USD/CAD
“Loonie”US Dollar / Canadian Dollar
USD/CAD ('Loonie') combines the BoC–Fed policy gap with crude-oil prices and deep US–Canada trade links.
USD/CAD is the exchange rate between the US and Canadian dollars. The Canadian dollar is nicknamed the 'loonie' after the bird on its coin. Because Canada and the US are deeply integrated trading partners, the two economies move together, and USD/CAD is often a relatively range-bound major punctuated by commodity and policy shocks.
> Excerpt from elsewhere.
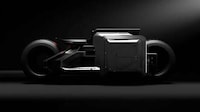 Futuristic Sci-Fi Motorbikes Image 1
Crude oil is the wildcard: Canada is a major energy exporter, so rising oil prices tend to strengthen the loonie (pushing USD/CAD down), while falling oil weakens it. Layered on top is the gap between Bank of Canada and Federal Reserve policy.
What moves USD/CAD
- Crude-oil prices
Higher oil improves Canada's terms of trade and tends to strengthen CAD, lowering USD/CAD.
- BoC vs Fed policy
The expected overnight-rate vs federal-funds gap sets the carry.
- US growth & data
Canada's largest trading partner; US surprises spill into CAD.
- Broad dollar moves
US-led dollar trends move the numerator.
Trading sessions
Most active during the New York session, when US and Canadian data and oil markets are open.
Volatility
Moderate, with sharper moves around oil-price swings, BoC and FOMC decisions, and US/Canada employment data.
Central banks behind this pair
USD/CAD FAQ
- Why does oil move USD/CAD?
- Canada is a major crude exporter, so higher oil prices strengthen the Canadian dollar and tend to push USD/CAD lower, and vice versa.
- What is the 'loonie'?
- It is the nickname for the Canadian dollar, after the loon depicted on the one-dollar coin.
- What drives USD/CAD besides oil?
- The Bank of Canada–Fed policy gap, relative US–Canada growth, and broad dollar trends.